Introducing the project his studio has been hard at work on for the past two years, inXile Entertainment (The Bards Tale) founder Brian Fargo said that it reflected their desire for a return of the classic dungeon crawl design done with modern technology. He took a trip down memory lane citing many of the classics from his days at Interplay that worked the simple magic of just getting lost adventuring in a dungeon. With that, he took the wraps off of Hunted: The Demon's Forge.

After that introduction, it initially came as a shock to be greeted by an Unreal Engine-powered third-person action game. But as I took in the demo it started to click more with me. This isn't a return to those games; it's a return to their spirit. It seeks to bring out that one more room, one more encounter, next thing you know it's 2am-style obsession.

The Unreal Engine certainly provides a proven base for building an addictive game. Hunted replaces the space marine gauntlets and guns with the swords and bows of a fantasy setting but the core mechanic remains moving from cover to cover and managing enemy groups without getting overwhelmed.

From the outset the team also knew they wanted to build Hunted as a co-op game. The entire design reflects this, beginning with the two playable characters. One is the up-close sword-wielding warrior Caddoc; the other is the ranged specialist Elara with her bow. While both also have an alternate weapon in the other's style, they work best when supporting one another. Together they make a formidable team, with Caddoc moving forward to engage while Elara rains down arrows from a good sniping spot.
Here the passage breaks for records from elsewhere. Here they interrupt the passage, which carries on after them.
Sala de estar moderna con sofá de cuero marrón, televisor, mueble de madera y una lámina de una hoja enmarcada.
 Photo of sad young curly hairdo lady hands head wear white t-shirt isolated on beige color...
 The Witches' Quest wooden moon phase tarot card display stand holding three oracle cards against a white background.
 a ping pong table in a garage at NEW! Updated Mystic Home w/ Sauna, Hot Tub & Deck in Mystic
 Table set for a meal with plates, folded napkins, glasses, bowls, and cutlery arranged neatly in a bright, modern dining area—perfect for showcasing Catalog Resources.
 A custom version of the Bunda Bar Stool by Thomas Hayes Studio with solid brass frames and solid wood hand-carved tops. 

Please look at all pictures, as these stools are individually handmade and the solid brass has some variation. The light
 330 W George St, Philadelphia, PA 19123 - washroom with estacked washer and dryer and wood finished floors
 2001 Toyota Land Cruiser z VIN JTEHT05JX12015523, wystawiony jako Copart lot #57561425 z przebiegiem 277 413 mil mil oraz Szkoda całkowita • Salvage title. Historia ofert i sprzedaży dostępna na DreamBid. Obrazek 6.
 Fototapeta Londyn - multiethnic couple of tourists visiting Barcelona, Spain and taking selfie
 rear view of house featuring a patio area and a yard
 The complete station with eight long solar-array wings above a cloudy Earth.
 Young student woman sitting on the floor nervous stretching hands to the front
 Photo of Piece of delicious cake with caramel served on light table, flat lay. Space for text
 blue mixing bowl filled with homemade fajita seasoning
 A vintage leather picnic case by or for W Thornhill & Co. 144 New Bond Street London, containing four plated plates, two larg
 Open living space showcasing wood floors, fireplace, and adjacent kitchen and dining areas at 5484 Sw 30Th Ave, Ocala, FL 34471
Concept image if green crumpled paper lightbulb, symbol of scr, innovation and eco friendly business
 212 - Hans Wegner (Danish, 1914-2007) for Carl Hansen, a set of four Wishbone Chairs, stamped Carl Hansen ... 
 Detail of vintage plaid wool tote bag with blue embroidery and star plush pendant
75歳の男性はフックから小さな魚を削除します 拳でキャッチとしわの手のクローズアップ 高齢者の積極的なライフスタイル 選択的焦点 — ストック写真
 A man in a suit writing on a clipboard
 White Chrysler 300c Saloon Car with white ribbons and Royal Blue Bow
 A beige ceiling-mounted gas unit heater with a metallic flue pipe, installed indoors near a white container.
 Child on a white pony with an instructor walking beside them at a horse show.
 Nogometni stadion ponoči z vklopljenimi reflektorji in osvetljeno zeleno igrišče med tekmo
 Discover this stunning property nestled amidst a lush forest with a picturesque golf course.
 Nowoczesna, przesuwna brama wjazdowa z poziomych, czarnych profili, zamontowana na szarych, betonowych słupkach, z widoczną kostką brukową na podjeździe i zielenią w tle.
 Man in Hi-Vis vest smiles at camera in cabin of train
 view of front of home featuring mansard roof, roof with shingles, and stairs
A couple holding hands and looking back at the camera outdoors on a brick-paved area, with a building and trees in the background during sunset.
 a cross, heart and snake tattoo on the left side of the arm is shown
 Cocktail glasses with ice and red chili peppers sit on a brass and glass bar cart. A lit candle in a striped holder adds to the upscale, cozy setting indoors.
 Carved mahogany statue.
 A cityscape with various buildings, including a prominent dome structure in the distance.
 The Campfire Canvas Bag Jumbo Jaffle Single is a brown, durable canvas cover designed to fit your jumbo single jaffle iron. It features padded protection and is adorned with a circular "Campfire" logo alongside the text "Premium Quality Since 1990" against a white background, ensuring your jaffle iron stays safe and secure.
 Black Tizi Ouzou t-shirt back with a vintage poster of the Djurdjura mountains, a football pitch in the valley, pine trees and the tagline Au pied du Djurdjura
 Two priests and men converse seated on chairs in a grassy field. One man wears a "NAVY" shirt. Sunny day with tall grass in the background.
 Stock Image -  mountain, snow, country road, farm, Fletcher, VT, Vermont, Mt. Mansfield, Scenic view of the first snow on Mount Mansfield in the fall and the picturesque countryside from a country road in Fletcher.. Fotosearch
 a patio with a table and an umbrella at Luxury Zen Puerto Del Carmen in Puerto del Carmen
Unlike the old dungeon crawl games, Hunted is not a collectathon of bits and pieces of armor, amulets, rings, and the like. The key loot to the game focuses on each character's weapons and there will be a number of increasingly powerful and magic variations of them. There is no traditional inventory system. Instead the weapons appear on the character model in the game. There's also a skill system tied closely to the melee and ranged specializations of each that will allow further customization as levels are earned.

From what I saw Hunted rolled up ideas from a number of different games to create its modern reinterpretation of the dungeon crawl. There was the raw action appeal of wading through waves of goblins, spiders, and related denizens. The skill system and weapon upgrades bring in the character development side from a role playing game. And the co-op design with its warrior and archer dynamic introduces the reward of playing together like an MMO. It looks like a good formula; I'm curious to play some and see how well that translates in practice.

Developed by inXile and published by Bethesda, Hunted: The Demon's Forge is coming to PC, PlayStation 3 and Xbox 360. When, however, has yet to be revealed.